Mais est-ce qu'à ce stade du boot le clavier et la souris bluetooth sont déjà détectés pour pouvoir faire le choix????


----------



## bompi (4 Janvier 2006)

Je subodore que la réponse à la question de r e m y est non ...

La gestion du BT n'est pas faite à un niveau suffisamment bas (BIOS ou OpenFirmware) pour que cela fonctionne. J'ai un peu la flemme de vérifier mais ce serait bien du 99 contre 1 ...


----------



## benko (4 Janvier 2006)

Oui, c'est exactement le sens de ma question.
Comment faire que le clavier Bluetooth soit détecté dès le choix de l'OS ?


----------



## benko (4 Janvier 2006)

Ca voudrait donc dire que Clavier Bluetooth =  Point de dual boot ?


----------



## FjRond (4 Janvier 2006)

Là, je ne sais pas, n'ayant aucune expérience du clavier bluetooth. Le mieux est d'essayer.


----------



## benko (4 Janvier 2006)

Ca y est, je viens d'essayer : et une chose incroyable : ça marche
Je suis vraiment bluffé
Le clavier bluetooth est reconnu dès le démarrage. C'est assez dingue


----------



## FjRond (4 Janvier 2006)

benko a dit:
			
		

> Ca y est, je viens d'essayer : et une chose incroyable : ça marche
> Je suis vraiment bluffé
> Le clavier bluetooth est reconnu dès le démarrage.
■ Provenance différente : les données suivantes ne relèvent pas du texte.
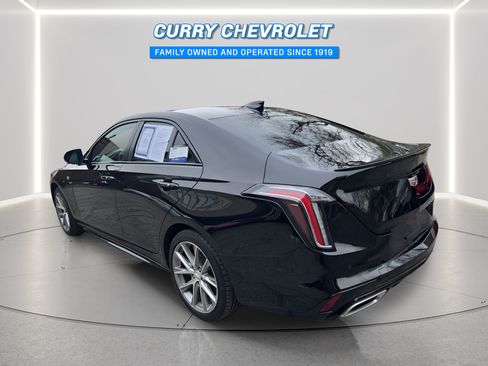 Used 2022 Cadillac CT4 Sport AWD/4WD image 16
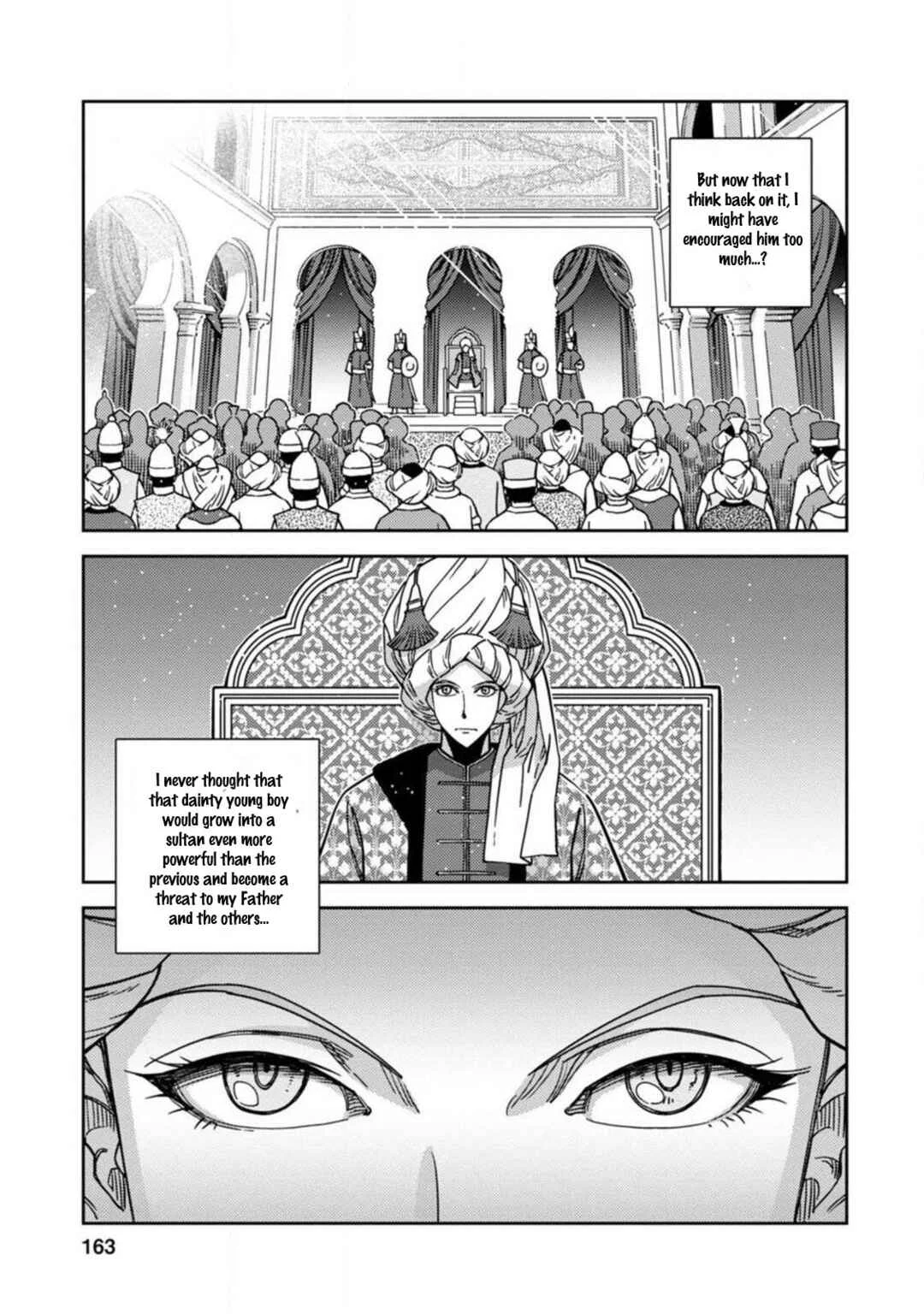 Dívčí Válka Sidestory II: Inheritors of the Flame Chapter 5: Inheritors of the Throne - Page 23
C'est assez dingue


À la bonne heure !


----------



## bompi (5 Janvier 2006)

Je le dis comme je le pense : je suis épaté !!
Décidément, c'est pas mal, l'informatique 

Au temps pour moi et mes opinions : cela m'apprendra à ne pas être flemmard (et à avoir un clavier BT pour tester   )


----------



## benko (5 Janvier 2006)

Pour info : en fait le clavier et la souris BT sont reconnus dès le départ. Même en bootant sur le CD d'install d'OS X. Moi qui avait bêtement remonté mon vieux clavier filaire....


----------



## bout- (13 Janvier 2006)

fo bien essayer pour se tromper
en tout cas moi ca me décide de plus en plus a essayer mon pingux sur la pomme
mais comme fo que j'achete un dd externe (en firewire si j'ai bien compris ) et que je veux installer le nux dessus ,j'aime autant savoir que mon clavier BT (pour blue tooth :rateau: j'imagine) me le permettra.
bon voila c'est les soldes ,fo encore trouver un mini partner qui sleep with mini et qui me permette tout ca ...........j'va continuer a poster ici avant de dépenser mon maigre salaire.
enfin si il y des conseils qui tombent j'achète (et je paye en roubles cosaques hein:love: 
!!! .....que du bonheur ):modo: 
yop


----------